----- SOURCE RECORDS -----
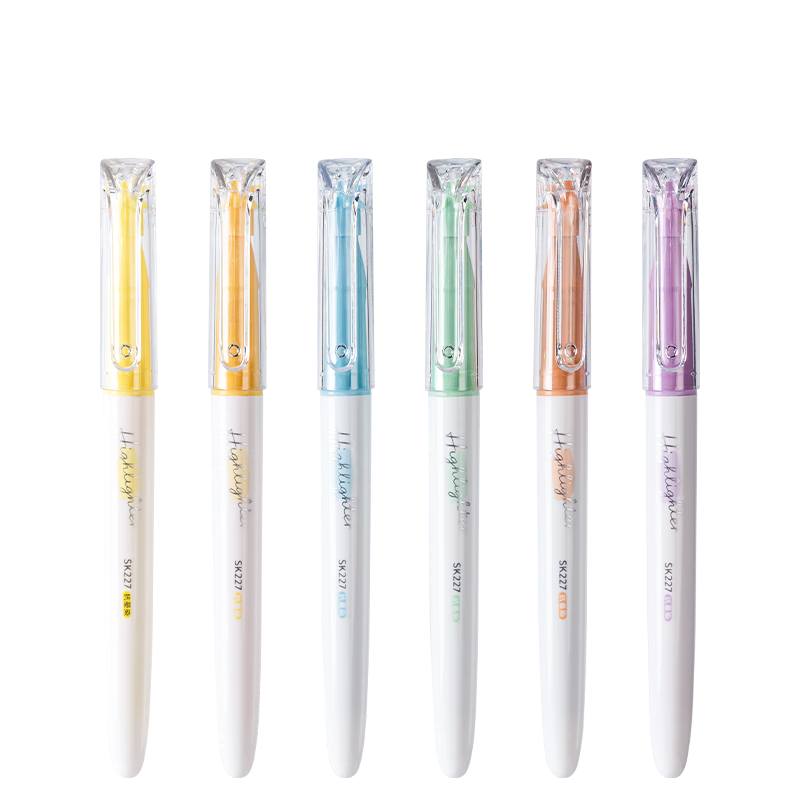 Deli Non-Slip Fluorescent Markers, Moonlight Color Series for Exam Review Highlighting, Student Stationery, Marker Pens for Note-Taking, Journaling, Drawing And Doodling, 6 Pcs/box SK227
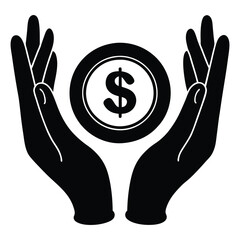 Obraz premium Financial Security and Wealth Management, Investment & Economic Support Silhouette Vector Illustration.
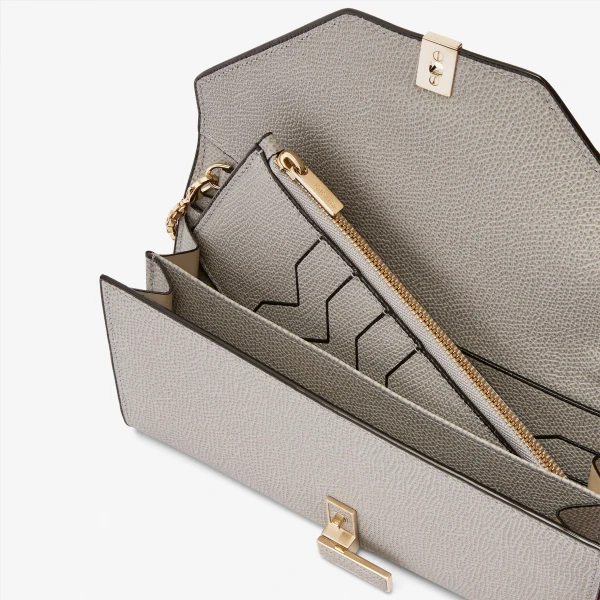 Valextra Iside Continental Purse with Chain in Ash Grey | Wallets & Purses | Coveti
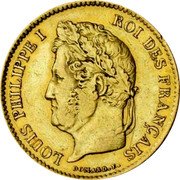 France 40 Francs Louis Philippe I 1838 A KM# 747.1 40 FRANCS 1831 A coin reverse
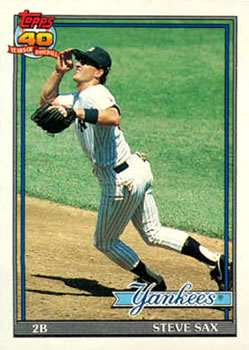 #290 Steve Sax - New York Yankees - 1991 Topps Baseball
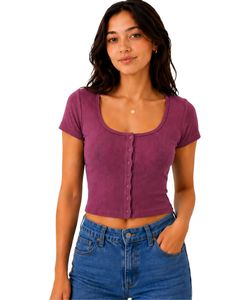 Magenta Purple Women Ribbed Knit <b>Crop</b> <b>Top</b> Short Sleeve Button Front Slim Fit Square Neck Casual Summer Cotton T Shirt Blouse - Product Image 1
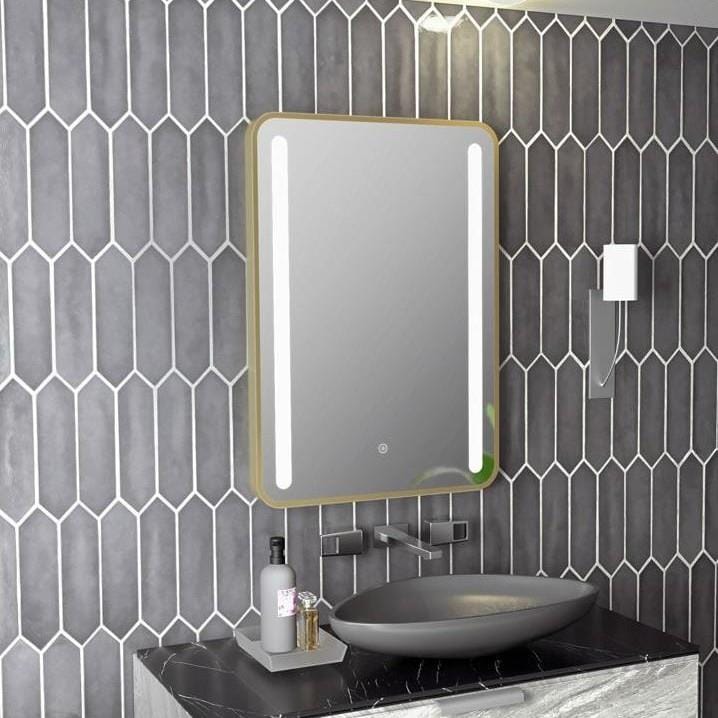 Aquarius Bathrooms Illuminated Mirror Aquarius Reflect Rounded LED Illuminated Mirror - 500 x 700mm - Brushed Brass Trim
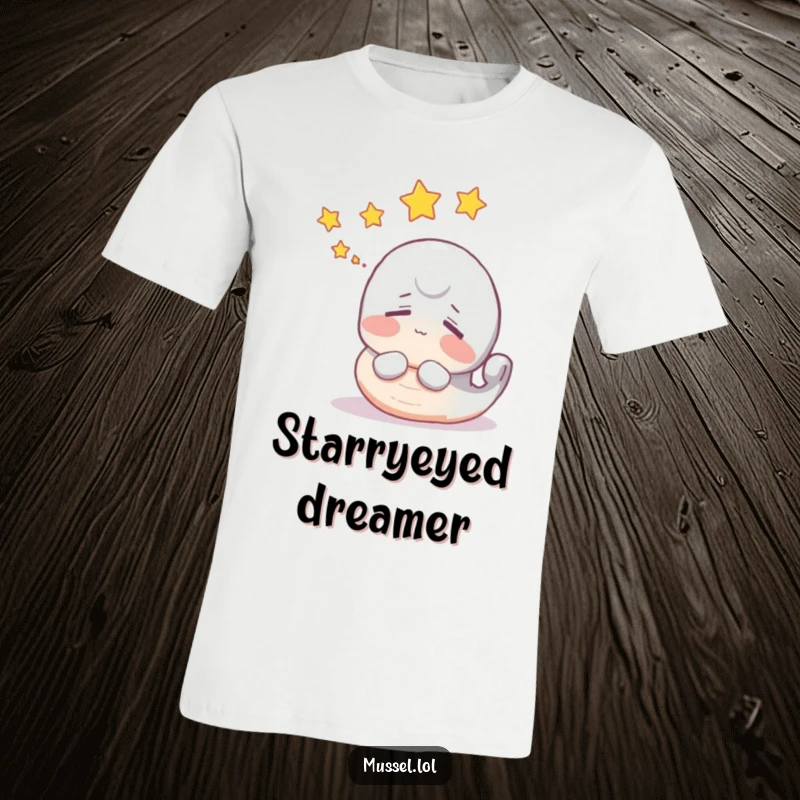 Funny mussel t-shirt showing a character dreaming with stars floating above its head, celebrating imagination.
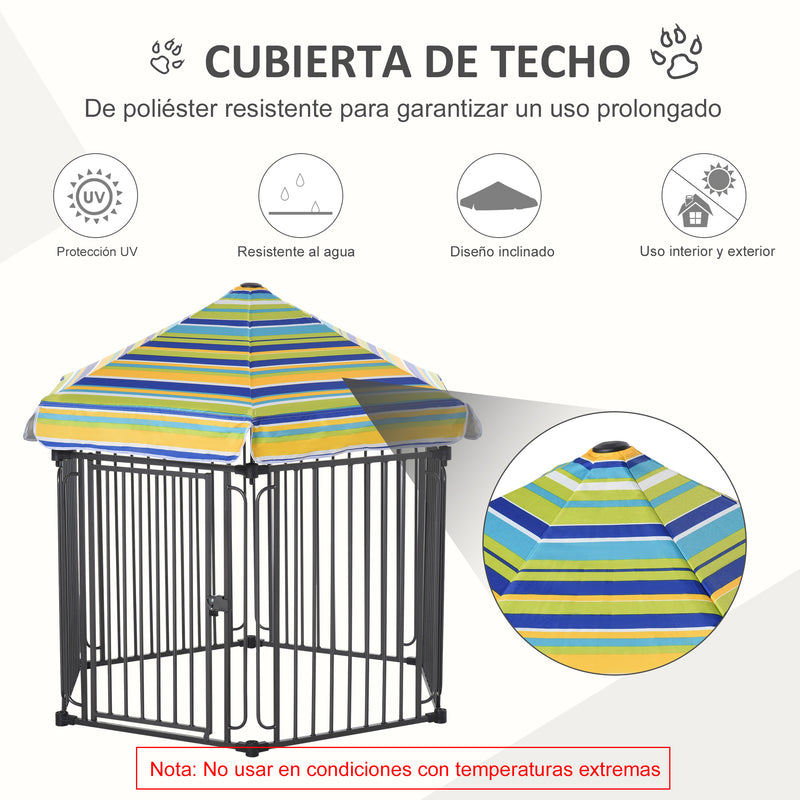 Parque para Animais de Estimação com 6 Barreiras de Metal 61x76cm Canil Desmontável para Cães com Teto Hexagonal e Porta com Fechadura de Segurança 122x105x119cm Preto e Colorido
-----
Lines starting at the one with "France 40 Francs" and ending at the last line of the entries above must be restated word for word, with pictures omitted.

 France 40 Francs Louis Philippe I 1838 A KM# 747.1 40 FRANCS 1831 A coin reverse
 #290 Steve Sax - New York Yankees - 1991 Topps Baseball
 Magenta Purple Women Ribbed Knit <b>Crop</b> <b>Top</b> Short Sleeve Button Front Slim Fit Square Neck Casual Summer Cotton T Shirt Blouse - Product Image 1
 Aquarius Bathrooms Illuminated Mirror Aquarius Reflect Rounded LED Illuminated Mirror - 500 x 700mm - Brushed Brass Trim
 Funny mussel t-shirt showing a character dreaming with stars floating above its head, celebrating imagination.
 Parque para Animais de Estimação com 6 Barreiras de Metal 61x76cm Canil Desmontável para Cães com Teto Hexagonal e Porta com Fechadura de Segurança 122x105x119cm Preto e Colorido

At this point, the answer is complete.